The JOBS Act – Where Are We Now – 2014?

On April 5, 2012, President Barack Obama signed the Jumpstart Our Business Startups Act (the “JOBS Act”) into law. The stated purpose of the JOBS Act was to increase job creation and stimulate economic growth. Often referred to as the “IPO on-ramp,” the JOBS Act was enacted in part to improve access to public capital markets by alleviating, or in some instances eliminating, some of the restrictions placed on a new category of companies called “emerging growth companies” (“EGCs”) during the initial public offering (“IPO”) process.

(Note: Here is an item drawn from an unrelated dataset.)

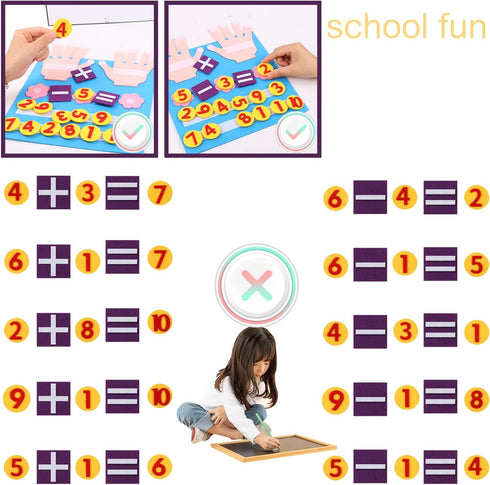 BENOSPACE Counting Felt Board Finger Numbers Toy Educational Learning Supplies Addition Subtraction Manipulatives Math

Market Overview 2013/2014 -

Since the passage of the JOBS Act, the U.S. IPO market has strengthened significantly. In fact, 2013 was a record year for the U.S. IPO market—the best since 2000—with a total of 222 companies going public, generating approximately $55 billion in proceeds. By comparison, in 2012, roughly 128 companies completed an initial public offering, generating approximately $43 billion in proceeds. In the last quarter of 2013 alone, 70 companies priced IPOs – more than any other quarter that year. In 2013, the average U.S. IPO return rate was a staggering 41% compared to an average return rate of 21% in 2012. For the first time since 2004, the North American region (the United States and Canada) surpassed other regions, including the Asia Pacific region, with roughly a 29% gain in proceeds raised and an average return of approximately 26%.